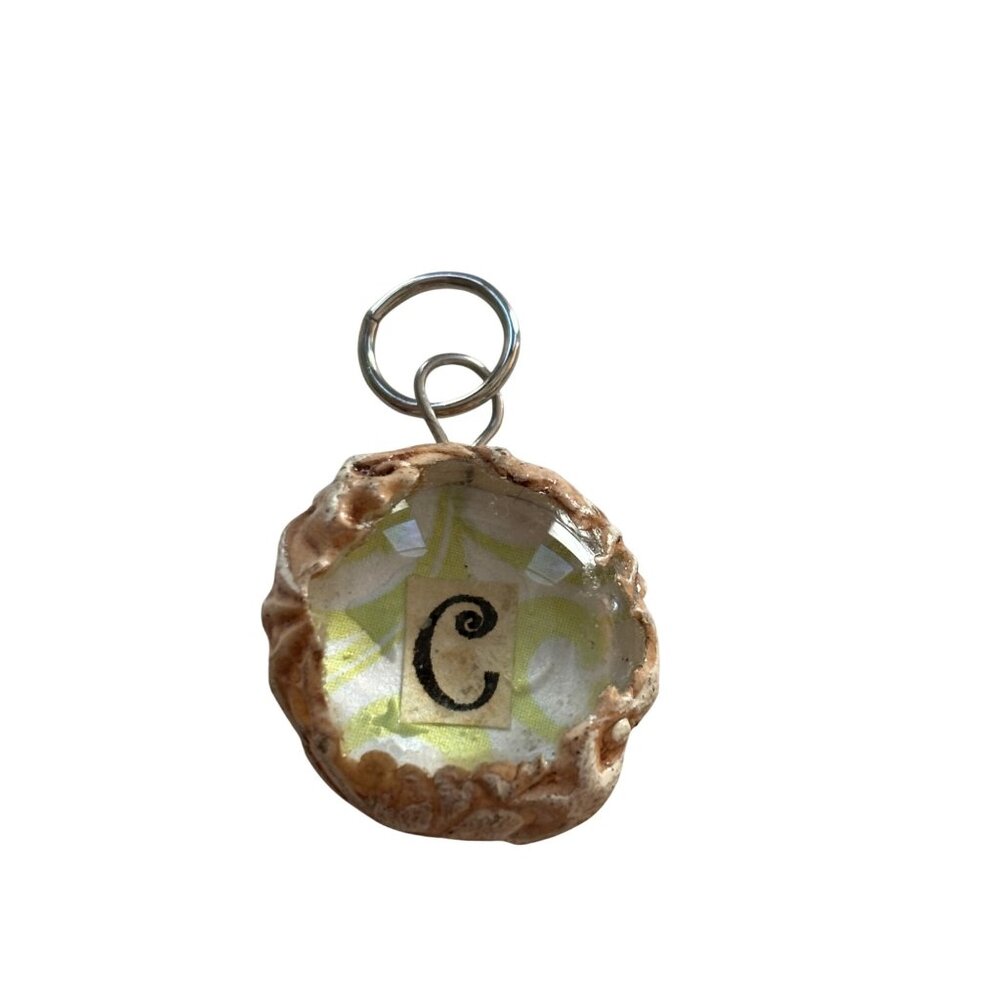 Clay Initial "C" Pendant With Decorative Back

-*-

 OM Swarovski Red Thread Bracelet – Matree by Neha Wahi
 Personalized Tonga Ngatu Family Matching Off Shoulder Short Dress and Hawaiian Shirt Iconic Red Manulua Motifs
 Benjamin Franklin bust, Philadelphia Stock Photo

-*-

* Brief:
Taking the entries above, restate exactly those lines that fall between the line with "Personalized Tonga Ngatu" and the line with "Benjamin Franklin bust, Philadelphia", keeping both of those lines too.

* Output for this exercise:
 Personalized Tonga Ngatu Family Matching Off Shoulder Short Dress and Hawaiian Shirt Iconic Red Manulua Motifs
 Benjamin Franklin bust, Philadelphia Stock Photo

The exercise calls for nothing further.